Give some thought when planting trees or large bushes in your garden. Because roots extend some distance underground, try to plant trees as far away from the sewer pipe as possible. Choose species that grow slowly and do not have large invasive roots - avoid willows as they have very invasive root systems.

Your local garden centre should be able to give you good advice on which plants to use. 


During wet weather, rain water drains into the sewerage system and if the capacity of the system is exceeded, the wastewater can back-up and overflow from low points within it.

Low lying gully traps and water from roof downpipes are the major causes of stormwater getting into the sewerage system. Our on-going sewer inspections are identifying potential problems and helping to reduce stormwater inflows.

You can help by making sure there is no direct connection of stormwater to the sewer pipe (e.g. down pipes into the gully trap or low lying gully traps).

We record all sewage spills that occur within the district including wet weather and storm events.

The records show the start and finish date of the spill, location, estimation of the quantity, cause, the public health risk as assessed by Northland Health Board’s Medical Officer and also the action taken.

Pump stations are managed by us and can fail for a number of reasons including blockages, power loss or mechanical breakdown.

The loss of a pump station causes wastewater to back-up in the gravity system.

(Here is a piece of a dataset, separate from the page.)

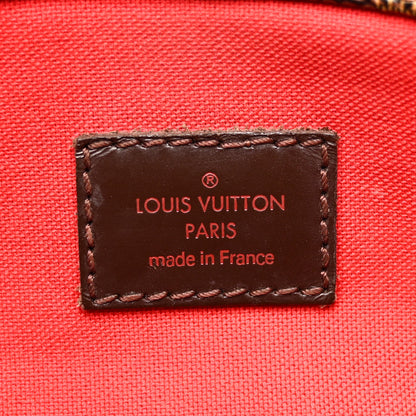 Louis Vuitton Damier Ebene Bloomsbury PM 7 of 14
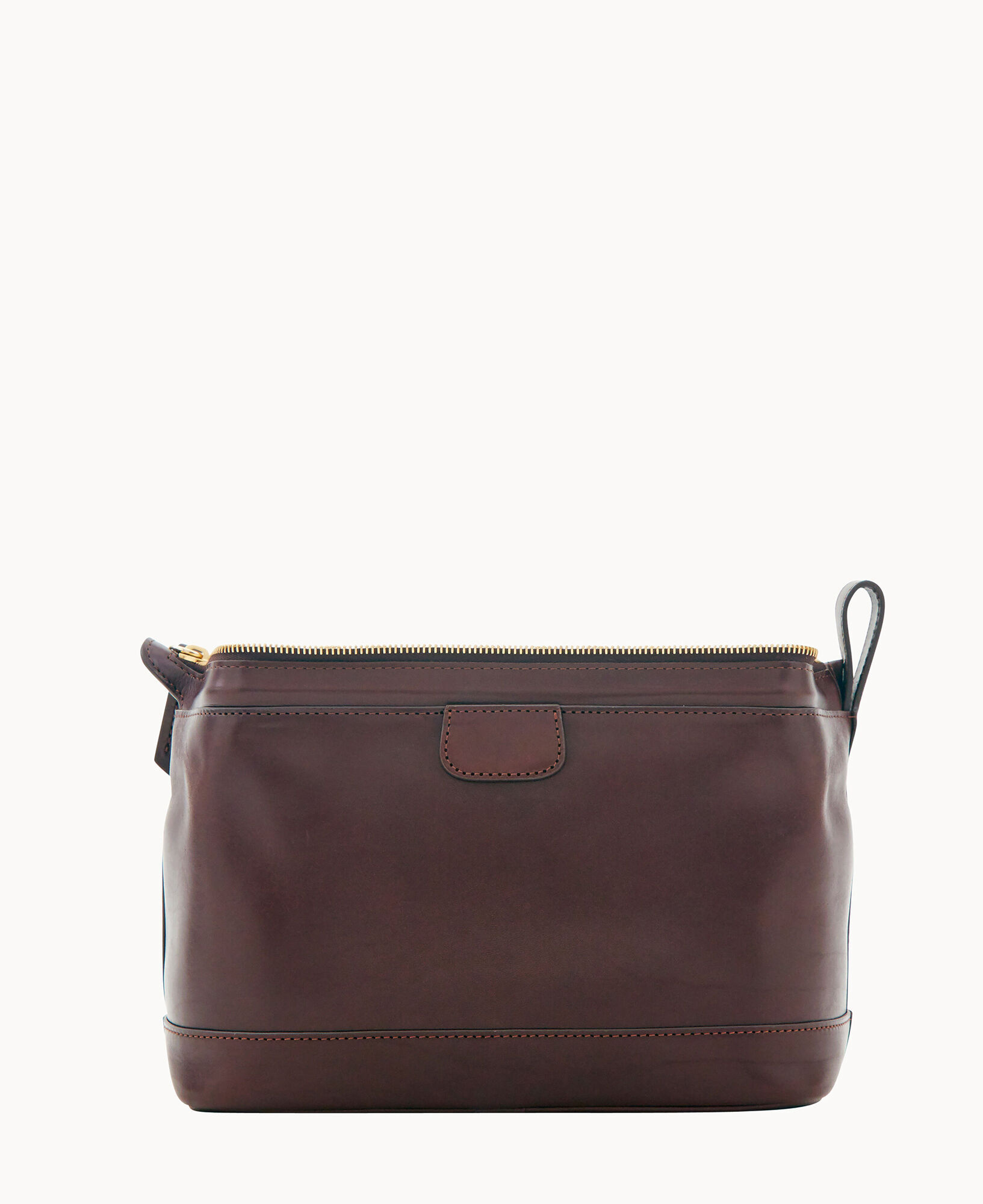 Dooney and bourke dopp kit on sale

All pump stations have warning systems, which alert the operators of failure. As a back-up, pump stations are also fitted with a loud audible alarm and or a flashing orange light.

If you hear or see these alarms, please contact us immediately.

A septic tank connected to a soakage or drainage field is used in areas where there is no connection to Council's sewer.

Property owners are responsible for organising and paying for maintenance of their system. 

Proprietary systems, such as Biocycle or Natural Flow Systems, must have a maintenance contract with the service agent approved by the manufacturer. Regular cleaning and maintenance by a qualified contractor will ensure a septic tank system will last for many years. 


Drainage firms are charged a fee per cubic metre (1,000 litres) of wastewater discharged into our Kioreora treatment plant for processing.